Médicaments, vaccins… Comment les laboratoires s’appuient sur l’IA pour accélérer et perfectionner la recherche
L’intelligence artificielle (IA) entre dans les laboratoires pharmaceutiques avec un objectif clair : accélérer la découverte de nouveaux médicaments. Le laboratoire Sanofi ambitionne de réduire de moitié le temps nécessaire à la mise au point de traitements, en ciblant notamment les patients les plus susceptibles de bénéficier des essais cliniques.
L’impact de l’IA est illustré par le parcours de Hervé Facci, un patient ayant reçu un vaccin personnalisé, développé en partie grâce à l’intelligence artificielle, après avoir été diagnostiqué d’un cancer de la langue. Ce vaccin, conçu à partir d’une analyse des spécificités de sa tumeur, vise à renforcer son système immunitaire contre les cellules cancéreuses résiduelles. Selon le Dr Edith Borcoman de l’Institut Curie, l’IA permet d’analyser rapidement de vastes ensembles de données pour optimiser la sélection des traitements.
Chez Sanofi, l’intégration de l’IA transforme le paysage de la recherche médicale. Emmanuel Frenehard, directeur digital de l’entreprise, explique que près de cent employés, majoritairement des data scientists et développeurs, travaillent à la création d’outils d’intelligence artificielle pour améliorer chaque étape du développement d’un médicament. En moyenne, le processus de développement d’un médicament prend entre 10 et 12 ans, mais avec l’IA, Sanofi vise à réduire ce délai de 50 %.

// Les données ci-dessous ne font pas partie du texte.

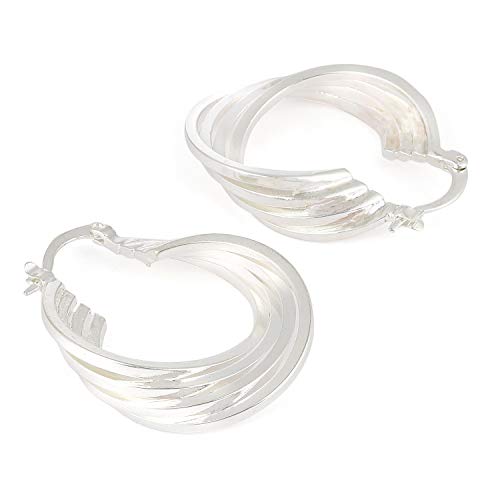 Entangled Rings Alloy Dangle Earring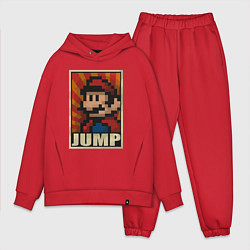 Мужской костюм оверсайз Jump Mario, цвет: красный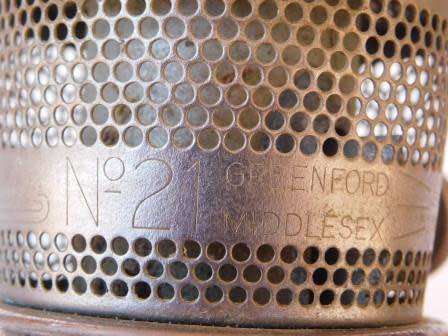 ALADDIN NO 21 LAMP GREENFORD MIDDLESEX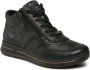 Ara 1224808 VeterlaarzenHoge sneakersDames veterschoenenHalf-hoge schoenen Zwart - Thumbnail 4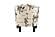 F1943 Fabric Accent Chair w/Ottoman White by Poundex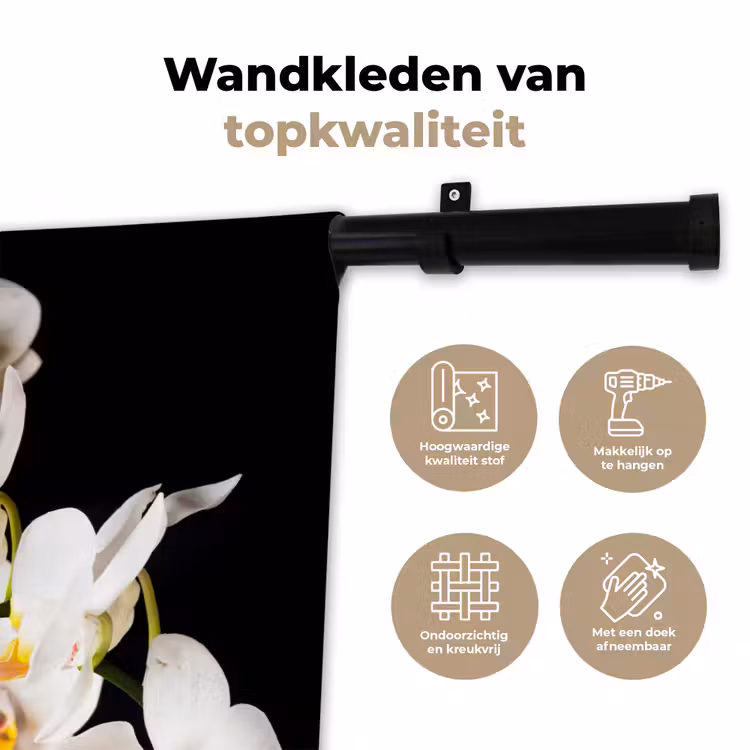Wandkleed - Orchidee - Bloemen - Planten - Botanisch — 3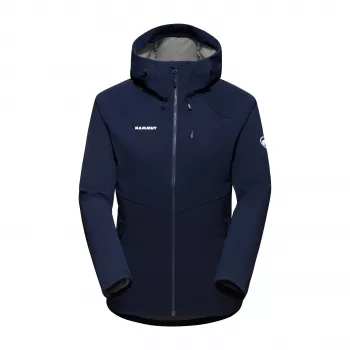 Mammut Ultimate Comfort SO Hooded Naiste Softshelljope Marine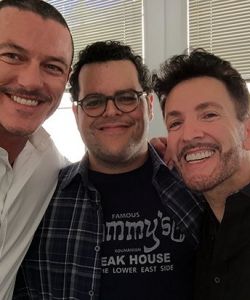 With Josh Gad & Luke Evans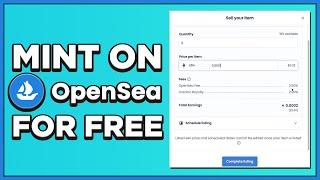 How to Mint NFTs on Opensea With No Gas Fees (Free Mint Tutorial)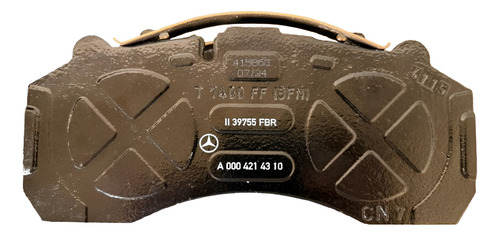 Jogo Pastilha Freio Mercedes-benz Original Axor A0004214310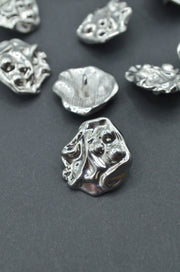 Nasturi Metalici Argintii 23mm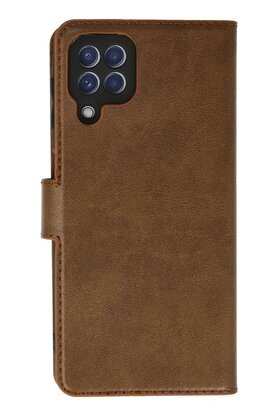 CepteToptan Samsung Galaxy A22 Kılıf Trend S Plus Kapaklı Kılıf - Taba - DROPX2972-2727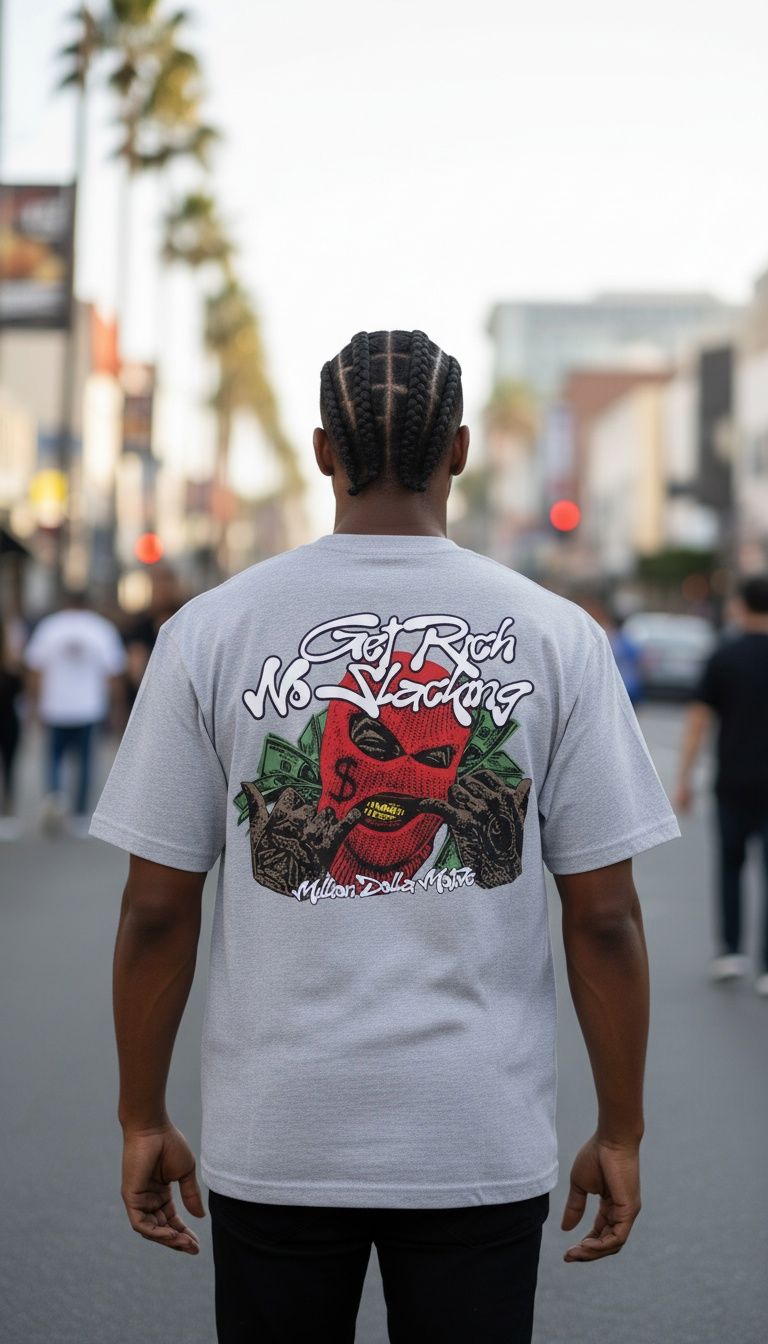 Get Rich No Slacking - Heather Grey T-Shirt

Parallèlement, des chercheurs utilisent des technologies avancées, comme la réalité virtuelle, pour visualiser les structures moléculaires en 3D, ce qui permet d’accélérer la recherche de nouvelles molécules. Hervé Rolland, directeur du site recherche et développement chez Sanofi, souligne qu’avec l’IA, des travaux qui prenaient auparavant trois à quatre ans peuvent désormais être réalisés en quelques jours.
L’IA est également en train de redéfinir l’industrie pharmaceutique à l’échelle mondiale. Une entreprise basée à Shanghai, Insilico Medicine, utilise l’IA depuis cinq ans pour analyser des milliards de molécules. Son directeur, Alex Zhavoronkov, affirme que sa société a pu développer 30 médicaments en cinq ans, alors qu’une entreprise de taille similaire n’en aurait généralement que deux ou trois en cours de développement. Parmi ces médicaments, un traitement pour la fibrose pulmonaire, entièrement conçu par IA, est en phase d’essai clinique et pourrait être commercialisé d’ici 2030.
Ainsi, l’introduction de l’intelligence artificielle dans la recherche pharmaceutique représente une avancée significative, bien qu’il reste des défis à surmonter pour garantir l’efficacité et la sécurité des nouveaux traitements.